A notable object of this invention is to provide an automated
fueling nozzle wherein the cone shaped member has the smaller base
thereof affixed to the end of the tube and the larger open end of
the cone shaped member disposed remote from the end of the
tube.
A significant object of this invention is to provide an automated
fueling nozzle adapted for transferring fuel from a fuel storage
tank to a vehicle fuel storage tank, the vehicle fuel tank having
an inlet conduit associated therewith, the fueling nozzle
comprising a hollow body having an inlet port, an outlet spout at
one end of the body, a main valve in the body for controlling flow
of fuel from the inlet port to the spout, means for manually
operating the main valve, a pressure actuated valve within the body
adjacent the outlet sport, the pressure actuated valve having
opposed surfaces between a tappet and a seat for providing a
Venturi means for creating a vacuum and a release means for
automatically releasing the main valve responsive to a vacuum
sensing means controlling the vacuum wherein the outlet spout has
means for adjusting the depth of penetration of the outlet spout
into the inlet conduit of the vehicle tank.

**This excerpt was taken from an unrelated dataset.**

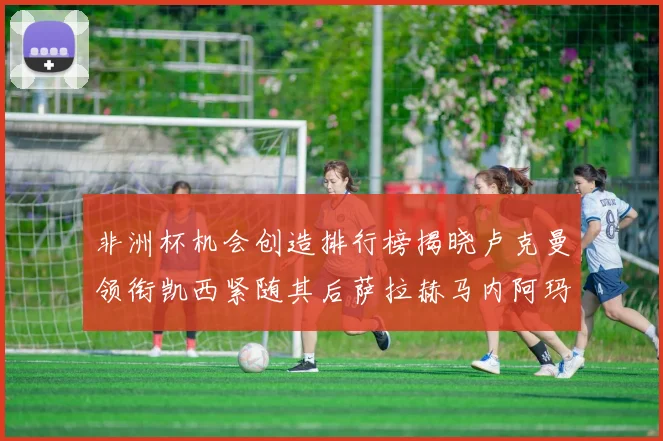 非洲杯机会创造排行榜揭晓卢克曼领衔凯西紧随其后萨拉赫马内阿玛德跻身前五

Still another object of this invention is to provide an automated
fueling nozzle having means associated with the outlet spout for
adjusting the depth of penetration of the outlet spout into the
inlet conduit of the vehicle tank wherein the means for adjusting
comprises an annular adjusting ring disposed around the outlet
spout.
Another feature of this invention is to provide an automated
fueling nozzle having means associated with the outlet spout for
adjusting the depth of penetration of the outlet spout into the
inlet conduit of the vehicle tank wherein the outlet spout has a
first end opposite the discharge end affixed to the hollow body,
the means for adjusting having a first stop disposed adjacent the
first end.
Still another feature of this invention is to provide an automated
fueling nozzle having means associated with the outlet spout for
adjusting the depth of penetration of the outlet spout into the
inlet conduit of the vehicle tank wherein the means for adjusting
comprises an annular adjusting ring disposed around the outlet
spout and wherein the annular adjusting ring has means for
releasably affixing the annular adjusting ring to the outlet
spout.
Another object of this invention is to provide an automated fueling
nozzle having means associated with the outlet spout for adjusting
the depth of penetration of the outlet spout into the inlet conduit
of the vehicle tank wherein the means for adjusting comprises an
annular adjusting ring disposed around the outlet spout and wherein
the annular adjusting ring has means for releasably affixing
wherein the means for affixing comprises a thumb screw threaded
through a wall of the annular adjusting ring.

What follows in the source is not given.